# Looks like this isn't a Microsoft Account. Try another...



## ertech (Jan 26, 2001)

I purchased a PC recently that has Windows 10 pro on it. Like my other PC's, when I login, I use my 365 login credentials from my organization (literally my organization), but for whatever reason on these 2 PC's I purchased, it says they are not Microsoft accounts...  I am lost here, not sure what to do, I feel to stupid that I can't figure this out! Help!


----------



## SpywareDr (Mar 31, 2014)

https://docs.microsoft.com/en-us/an...-this-isn39t-a-microsoft-account-try-ano.html

?


----------



## ertech (Jan 26, 2001)

SpywareDr said:


> https://docs.microsoft.com/en-us/an...-this-isn39t-a-microsoft-account-try-ano.html
> 
> ?


Thanks for the reply, but I am using windows 10 pro and have already read this document. I even have a windows 11 home PC this this account on it next to this laptop, which is windows 11 pro and have no issues using the account. Only on these windows 10 pro PC's do I have this problem, is it being W10P the problem?


----------



## SpywareDr (Mar 31, 2014)

Oops, didn't realize you had already read that document.

In answer to you question, yes, it _could _be W10P problem. Try performing a Clean Boot. If everything is working fine now you can keep it this way or, you can add one Startup item and/or Service at a time until it doesn't work again. When it does you will have found your culprit.


----------



## ertech (Jan 26, 2001)

SpywareDr said:


> Oops, didn't realize you had already read that document.
> 
> In answer to you question, yes, it _could _be W10P problem. Try performing a Clean Boot. If everything is working fine now you can keep it this way or, you can add one Startup item and/or Service at a time until it doesn't work again. When it does you will have found your culprit.


Ok, so this did not cure the problem, same issue. Do you have any other suggestions I can try?


----------



## SpywareDr (Mar 31, 2014)

Not a the moment, no. I'll keep looking ...


----------



## Couriant (Mar 26, 2002)

Can you provide a picture / screenshot of the message? Remove any personal info, like the first part of your email.


----------



## ertech (Jan 26, 2001)

Couriant said:


> Can you provide a picture / screenshot of the message?

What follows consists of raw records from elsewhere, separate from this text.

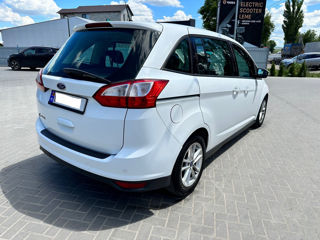 Ford Grand C-MAX foto 6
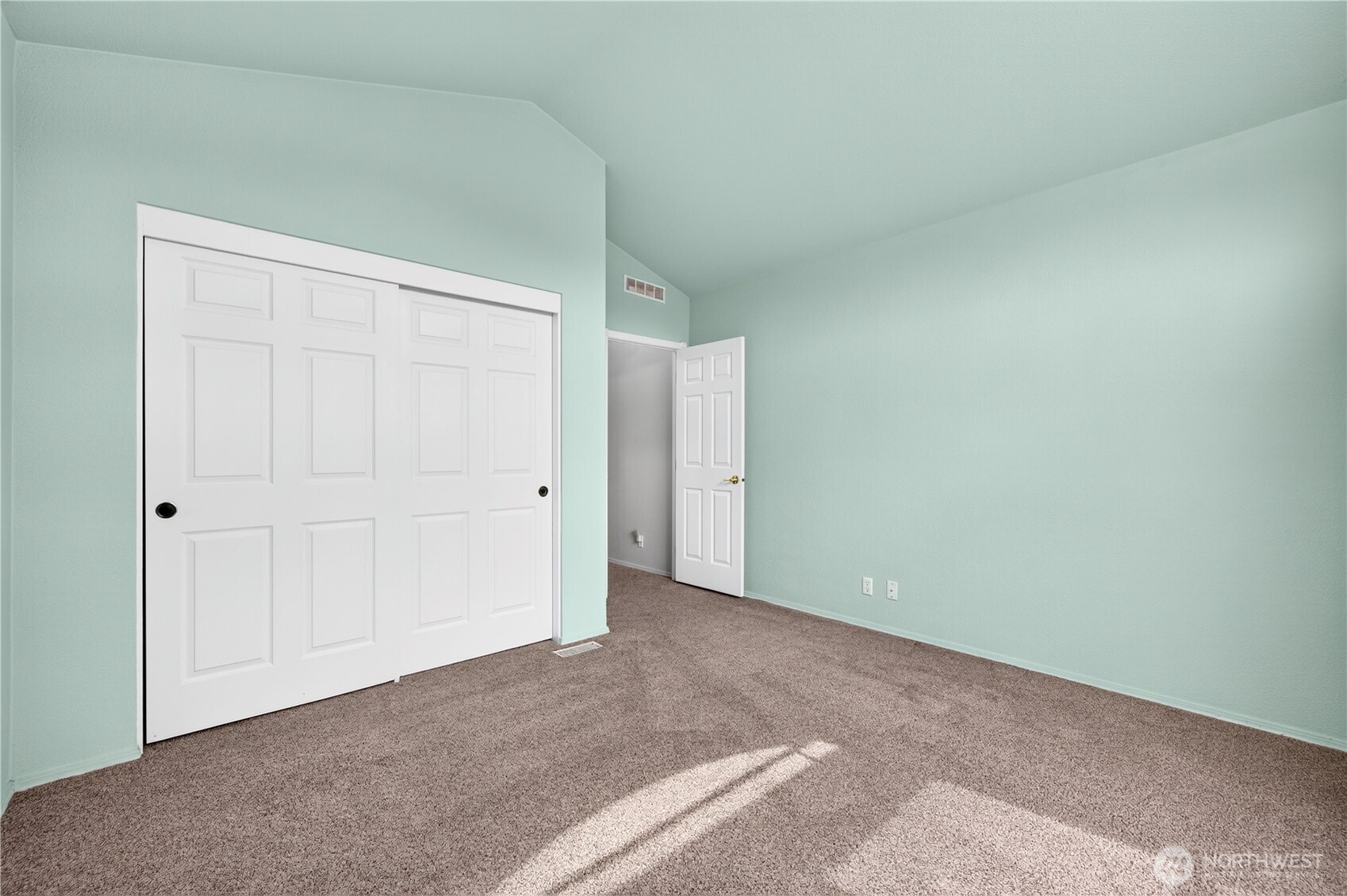 9817 196th Street 40 Property Photo 12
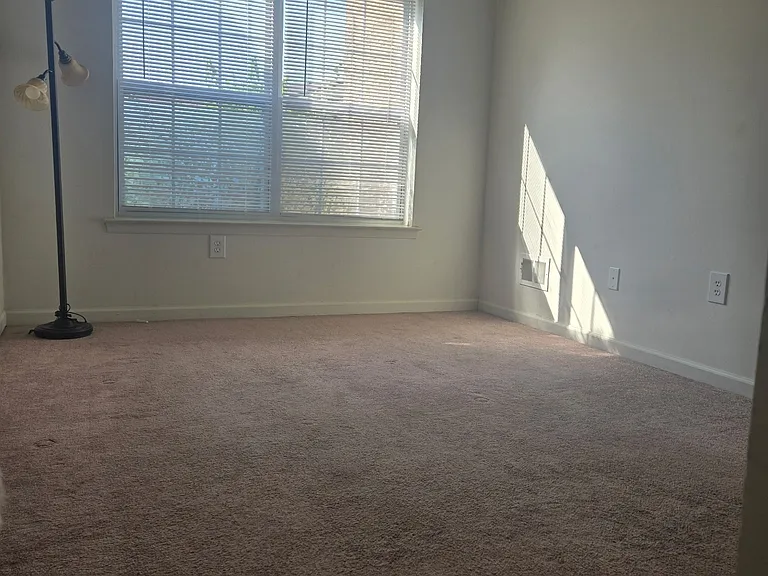 400 Cheryl Dr — Photo 5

Remove any personal info, like the first part of your email.


Here is the error.


----------



## DRPC (Feb 9, 2020)

365 login is a business account. The computer needs to be on the domain for that business, in order to use that account to login to that computer. I would guess your old PC is on your business domain, while these new PCs are not.

If this is "your organization", maybe this will help:
https://www.groovypost.com/howto/join-a-windows-10-client-domain/

If it's not, contact your network administrator.


----------



## valis (Sep 24, 2004)

Where did you purchase this machine from? Did you install the OS or did it come with it?


----------



## ertech (Jan 26, 2001)

DRPC said:


> 365 login is a business account. The computer needs to be on the domain for that business, in order to use that account to login to that computer. I would guess your old PC is on your business domain, while these new PCs are not.
> 
> If this is "your organization", maybe this will help:
> https://www.groovypost.com/howto/join-a-windows-10-client-domain/
> ...


There is no domain, I did not install the OS myself, I bought these PC's as units for my controls programmers since W11 isn't compatible with a lot of our controls software. I am starting to wonder if the OS's are pirated or something of that nature, I have done this process on at least 10 PC's and different OS versions without issue.


----------



## ertech (Jan 26, 2001)

valis said:


> Where did you purchase this machine from? Did you install the OS or did it come with it?


Yes, it came with the OS from a private party, I am wondering if it is pirated...


----------